### Task item
Transcribe the listing underneath, keeping each word exact and omitting the images.

### Material provided
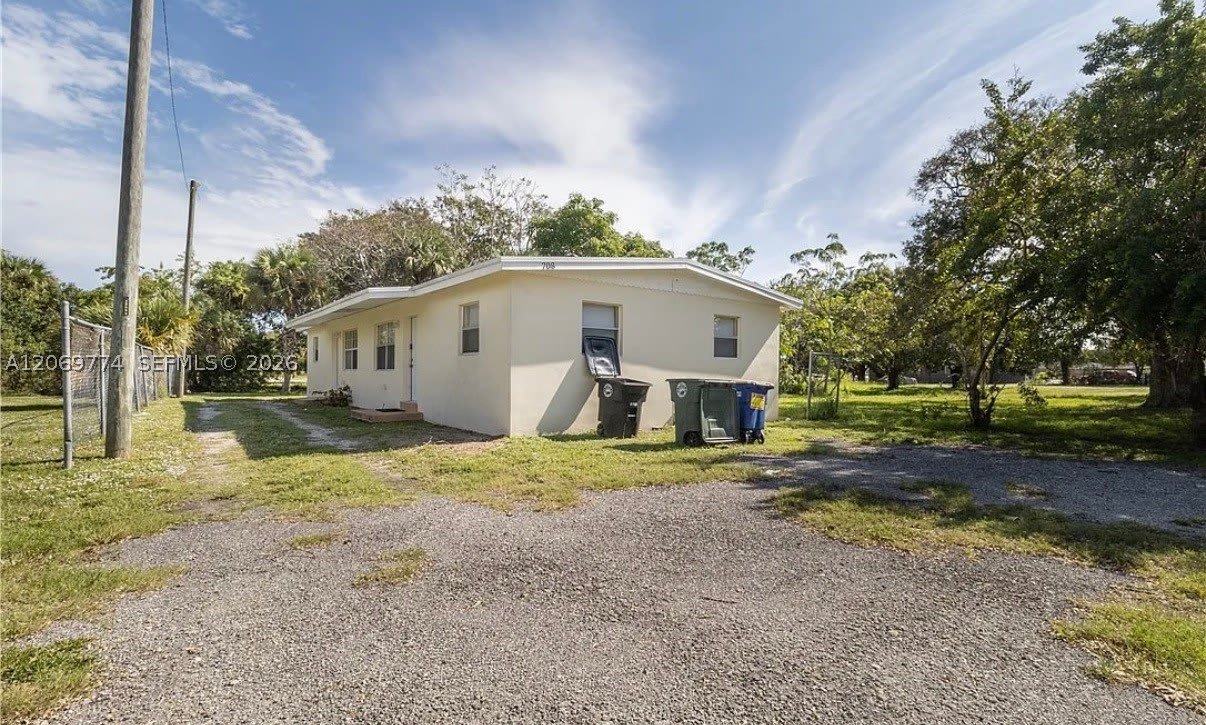 708 N 14th St – photo 1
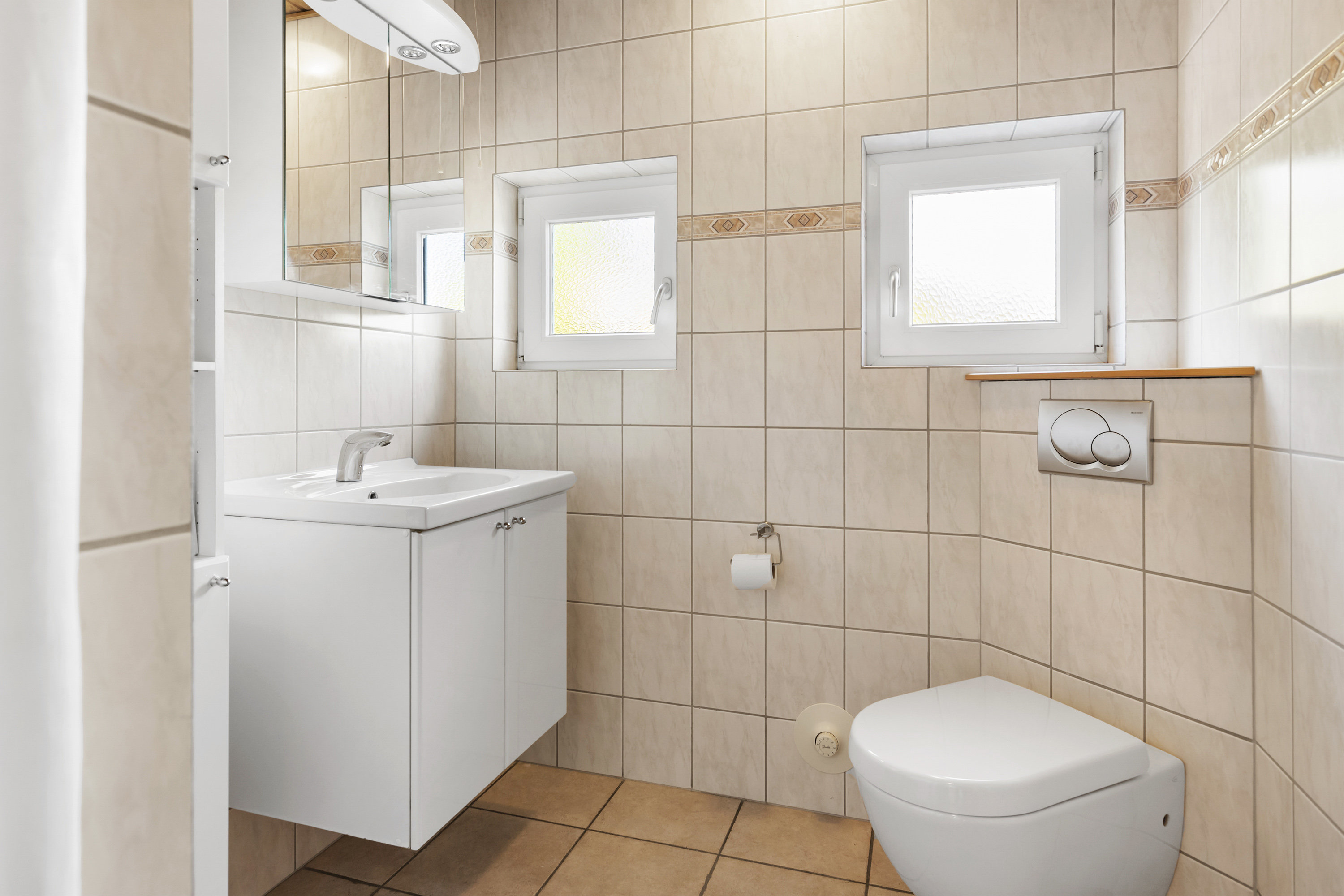 Fremhævet badeværelse billede i fuldskærmstilstand. Billede af Jørgen Terkelsens V 6, 9760 Vrå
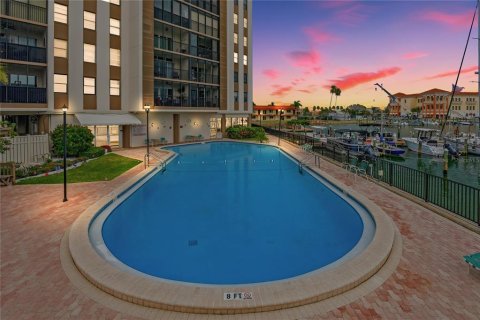 Condo in Saint Petersburg, Florida, 2 bedrooms  № 2149999 - photo 27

### Response to this task
 708 N 14th St – photo 1
 Fremhævet badeværelse billede i fuldskærmstilstand. Billede af Jørgen Terkelsens V 6, 9760 Vrå
 Condo in Saint Petersburg, Florida, 2 bedrooms  № 2149999 - photo 27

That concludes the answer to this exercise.